On a rainy Thursday afternoon, there was an official celebration of the temporary pagoda sculpture on Hayes Street.
There were speeches by various folk, including an endless, self-serving marathon by Jeannene Przyblyski from the San Francisco Arts Commission. About the twentieth time she used the phrase, "And finally..." I was ready to push her off her perch.
She was followed by the founder of Burning Man, Larry Harvey, who gave a great, short speech about the glories of "temporary" art and how it's an incubator for artists and neighborhoods in San Francisco.
"And it doesn't have to cost a lot of money like so much of the public art we have now."
He mentioned that he was also a Hayes Valley neighbor, lived up the hill in Alamo Square, and that the chain-link fence that has just been bolted into place for some reason around the pagoda and the surrouding park was grotesque. He finished his speech with the paraphrase, "Mister Gorbachev, tear down this fence!"
He was followed by the artist, David Best, who confessed to being a born and raised San Franciscan but currently a resident of Petaluma.
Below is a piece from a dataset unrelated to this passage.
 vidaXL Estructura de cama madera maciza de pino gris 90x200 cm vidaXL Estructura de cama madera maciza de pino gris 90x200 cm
His speech was also brief and charming, though he got hung up trying to explain the difference between "working for free" and "being a volunteer." He never did explain the distinction very well so that by the time he finished I was wondering why the "volunteers" weren't being paid.
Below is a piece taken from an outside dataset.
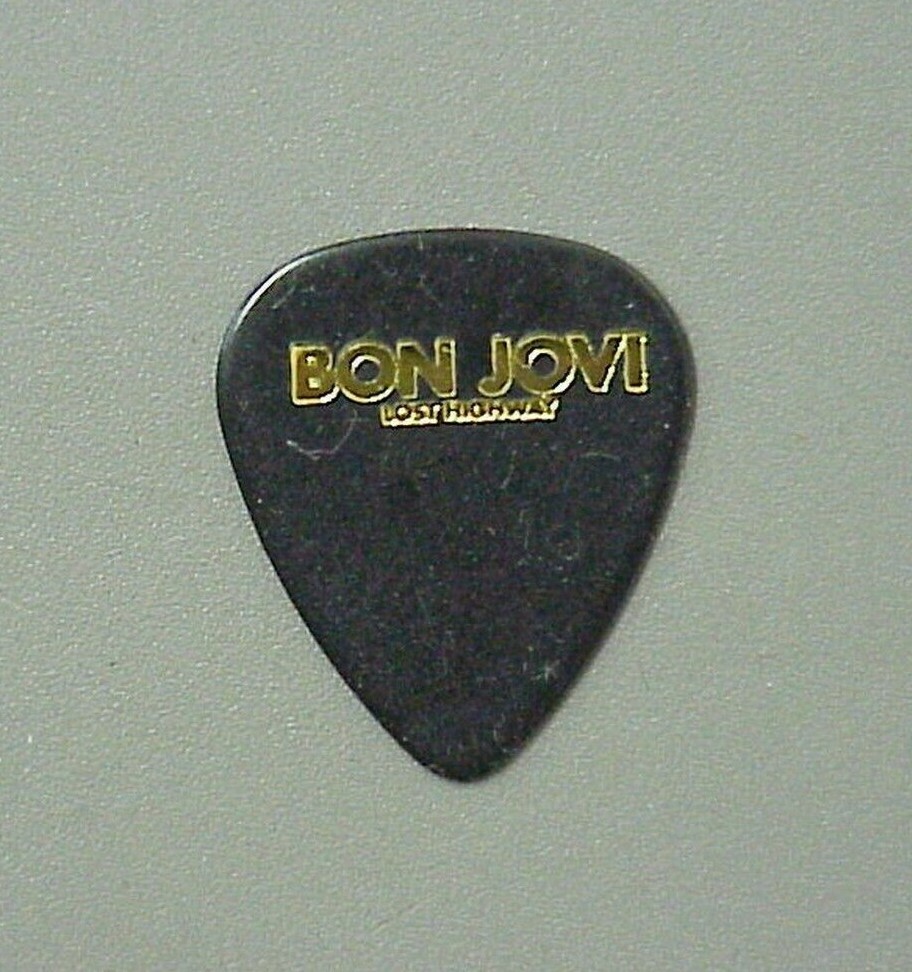 Bon Jovi guitar pick black Lost Highway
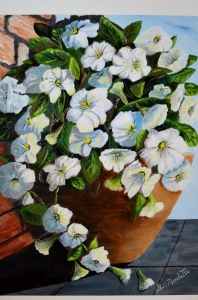 Blooming Petunias  Gail Marchetti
According to an article by Leslie Fulbright in this morning's "San Francisco Chronicle," the $20,000 cost of the project was mostly for the organized crime groups known as insurance companies along with their cohorts in city government for "permits," which is just plain sickening.
Also sickening is the fact that the bolted chain-link fence is STILL keeping people out of the park today. I thought they had paid off the insurance gangsters and the permit people in City Hall. This is a "temporary" sculpture, folks, and the clock is ticking. Maybe it's time to pay a visit to the Mayor's Office this afternoon and see what's going on.